Mark always goes on second dates. After he gets home from the first date, guys his age, in their late 20s, and sometimes men in their early 40s, will text or call him to say hi, that they had a great night, can they do it again sometime, and then they do. There is a story that Mark tells on these first dates that he believes secures the second one, and this linchpin is only dropped when he is truly attracted to the person sitting across from him. It’s a story about a game he played as a child. From 1996 to 1999, Mark’s favorite game to play was called Kerri Strug.
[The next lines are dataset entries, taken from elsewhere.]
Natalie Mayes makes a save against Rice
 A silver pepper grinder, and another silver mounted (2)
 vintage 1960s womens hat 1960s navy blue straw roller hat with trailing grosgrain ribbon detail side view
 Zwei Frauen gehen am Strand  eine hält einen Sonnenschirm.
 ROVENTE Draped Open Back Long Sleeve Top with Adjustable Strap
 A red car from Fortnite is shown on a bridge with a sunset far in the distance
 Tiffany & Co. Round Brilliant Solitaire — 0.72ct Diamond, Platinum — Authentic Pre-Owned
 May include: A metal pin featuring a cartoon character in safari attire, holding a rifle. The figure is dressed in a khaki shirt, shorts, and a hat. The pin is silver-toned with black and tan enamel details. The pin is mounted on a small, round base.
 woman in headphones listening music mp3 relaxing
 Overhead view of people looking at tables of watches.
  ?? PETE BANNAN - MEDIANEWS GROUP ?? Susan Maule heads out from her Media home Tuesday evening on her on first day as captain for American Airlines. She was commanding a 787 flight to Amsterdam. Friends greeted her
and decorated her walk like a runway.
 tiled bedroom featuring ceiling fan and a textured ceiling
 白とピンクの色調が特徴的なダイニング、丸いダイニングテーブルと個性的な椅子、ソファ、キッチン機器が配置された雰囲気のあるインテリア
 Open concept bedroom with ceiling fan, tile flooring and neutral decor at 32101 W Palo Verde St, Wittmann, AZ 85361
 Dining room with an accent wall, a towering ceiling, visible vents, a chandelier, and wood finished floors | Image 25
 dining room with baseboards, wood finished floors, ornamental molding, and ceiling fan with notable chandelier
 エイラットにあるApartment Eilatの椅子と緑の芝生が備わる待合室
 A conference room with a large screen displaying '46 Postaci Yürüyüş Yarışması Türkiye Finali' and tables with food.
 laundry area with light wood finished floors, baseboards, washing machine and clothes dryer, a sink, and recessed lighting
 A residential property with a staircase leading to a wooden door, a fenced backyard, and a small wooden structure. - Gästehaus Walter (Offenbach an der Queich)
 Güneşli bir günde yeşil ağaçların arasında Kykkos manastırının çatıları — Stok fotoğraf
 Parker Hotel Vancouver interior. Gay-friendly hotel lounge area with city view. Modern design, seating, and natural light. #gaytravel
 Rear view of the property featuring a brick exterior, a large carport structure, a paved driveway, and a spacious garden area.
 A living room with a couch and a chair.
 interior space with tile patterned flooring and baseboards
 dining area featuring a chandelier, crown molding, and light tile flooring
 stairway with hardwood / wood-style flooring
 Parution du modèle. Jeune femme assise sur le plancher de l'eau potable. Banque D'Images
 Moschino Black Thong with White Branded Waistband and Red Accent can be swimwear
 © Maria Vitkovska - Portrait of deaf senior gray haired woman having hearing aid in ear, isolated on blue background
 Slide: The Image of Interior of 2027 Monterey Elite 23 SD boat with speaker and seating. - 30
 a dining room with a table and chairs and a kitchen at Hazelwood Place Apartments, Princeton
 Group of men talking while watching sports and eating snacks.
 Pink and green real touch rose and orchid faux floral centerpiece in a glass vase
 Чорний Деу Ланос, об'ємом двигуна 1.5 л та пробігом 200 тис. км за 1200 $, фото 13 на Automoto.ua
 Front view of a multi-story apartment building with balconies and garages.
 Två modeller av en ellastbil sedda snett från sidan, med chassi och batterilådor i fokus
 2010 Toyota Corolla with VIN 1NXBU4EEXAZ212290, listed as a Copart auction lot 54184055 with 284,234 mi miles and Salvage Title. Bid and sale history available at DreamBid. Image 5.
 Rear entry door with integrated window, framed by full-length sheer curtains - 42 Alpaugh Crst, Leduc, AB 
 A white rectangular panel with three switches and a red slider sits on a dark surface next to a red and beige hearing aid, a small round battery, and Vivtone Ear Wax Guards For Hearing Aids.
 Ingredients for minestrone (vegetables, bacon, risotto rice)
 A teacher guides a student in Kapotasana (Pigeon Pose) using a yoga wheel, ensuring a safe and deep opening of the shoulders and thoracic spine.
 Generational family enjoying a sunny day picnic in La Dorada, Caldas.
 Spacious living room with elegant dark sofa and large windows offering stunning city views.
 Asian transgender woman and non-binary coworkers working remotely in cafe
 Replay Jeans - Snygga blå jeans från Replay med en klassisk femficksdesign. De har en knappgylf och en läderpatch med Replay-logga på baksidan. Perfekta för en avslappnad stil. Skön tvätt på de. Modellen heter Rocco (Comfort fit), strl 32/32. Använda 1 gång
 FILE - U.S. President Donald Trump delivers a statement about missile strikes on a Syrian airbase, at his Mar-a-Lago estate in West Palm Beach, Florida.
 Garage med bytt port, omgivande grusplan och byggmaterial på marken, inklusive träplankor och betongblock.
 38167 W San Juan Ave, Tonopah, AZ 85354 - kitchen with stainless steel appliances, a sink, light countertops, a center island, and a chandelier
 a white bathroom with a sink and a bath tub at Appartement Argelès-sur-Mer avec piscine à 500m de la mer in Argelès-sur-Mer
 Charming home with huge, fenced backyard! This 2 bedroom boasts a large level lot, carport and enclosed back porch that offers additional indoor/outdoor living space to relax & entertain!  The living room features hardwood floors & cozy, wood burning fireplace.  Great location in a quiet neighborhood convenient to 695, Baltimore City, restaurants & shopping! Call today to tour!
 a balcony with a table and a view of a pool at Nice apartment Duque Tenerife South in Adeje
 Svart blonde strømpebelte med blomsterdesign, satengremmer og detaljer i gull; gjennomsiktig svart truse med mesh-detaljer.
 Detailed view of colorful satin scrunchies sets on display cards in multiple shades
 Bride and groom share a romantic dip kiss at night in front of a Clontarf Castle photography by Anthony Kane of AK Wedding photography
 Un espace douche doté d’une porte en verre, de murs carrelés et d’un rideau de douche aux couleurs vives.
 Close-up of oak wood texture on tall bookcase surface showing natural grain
In 1996, the Summer Olympics were held in Atlanta. The United States Women’s Gymnastics team, the Magnificent Seven, competed against Ukraine, Romania, and Russia. In the ’90s, women’s gymnastics was less about power and force and more about calculated, delicate grace on the mat. The Russians continued to dominate, as they had for decades. But on July 23, 1996, the U.S. team held a 0.897 lead. In the final rotation, the Russians went into floor routines and the U.S. went to vault. If the Magnificent Seven collapsed, the Russians could take the gold. At the time, Mark was six and a half years old.

Kerri Strug, a four-foot-eight gymnast from Tucson, Arizona, competed last. Her teammate, Dominique Moceanu, had just fallen twice, earning a poor score of 9.162. Kerri was the last to vault for the United States.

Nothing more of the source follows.